§ **What you are asked to do**: Every record below should be transcribed exactly. Omit the images.

§ **Provided data**:
◇ ◇ ◇ ◇

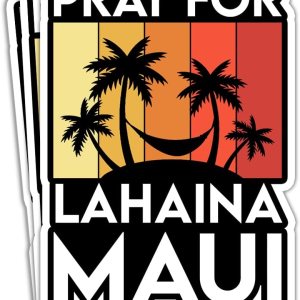Paquete de 3 calcomanías de Maui con texto en inglés “Ore for Lahaina Maui” Maui Hawaii, Lahaina Hawaii, Lahaina Maui, sobreviviente de incendio, Paquete de 3 calcomanías de Maui con texto en inglés “Ore for Lahaina Maui” Maui Hawaii, Lahaina Hawaii, Lahaina Maui, sobreviviente de incendio,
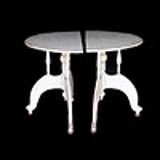Pair of tables half Moons in Swedish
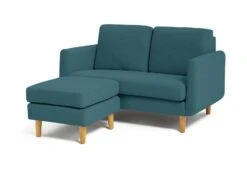 Habitat Remi Fabric 2 Seater Chaise Sofa In A Box - Teal -Home Furnishing Store 8904665 R Z002A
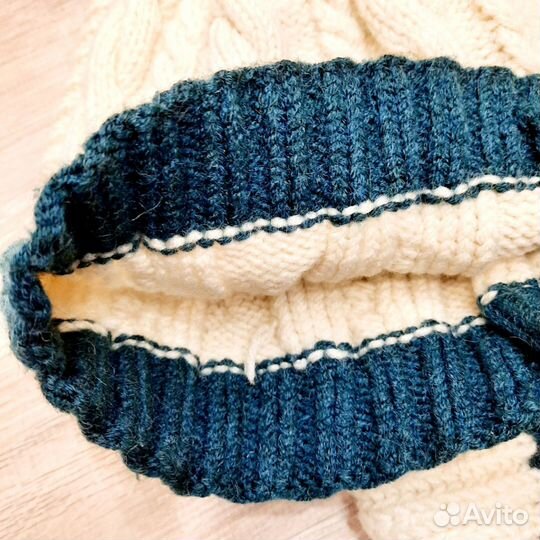 Комплект шапка и снуд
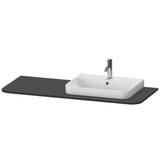 Duravit - Happy D.2 Plus Console with One Sink Cut-Out Graphite - Graphite Super Matte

◇ ◇ ◇ ◇

§ **Result of the exercise**:
Paquete de 3 calcomanías de Maui con texto en inglés “Ore for Lahaina Maui” Maui Hawaii, Lahaina Hawaii, Lahaina Maui, sobreviviente de incendio, Paquete de 3 calcomanías de Maui con texto en inglés “Ore for Lahaina Maui” Maui Hawaii, Lahaina Hawaii, Lahaina Maui, sobreviviente de incendio,
Pair of tables half Moons in Swedish
 Habitat Remi Fabric 2 Seater Chaise Sofa In A Box - Teal -Home Furnishing Store 8904665 R Z002A
 Комплект шапка и снуд
 Duravit - Happy D.2 Plus Console with One Sink Cut-Out Graphite - Graphite Super Matte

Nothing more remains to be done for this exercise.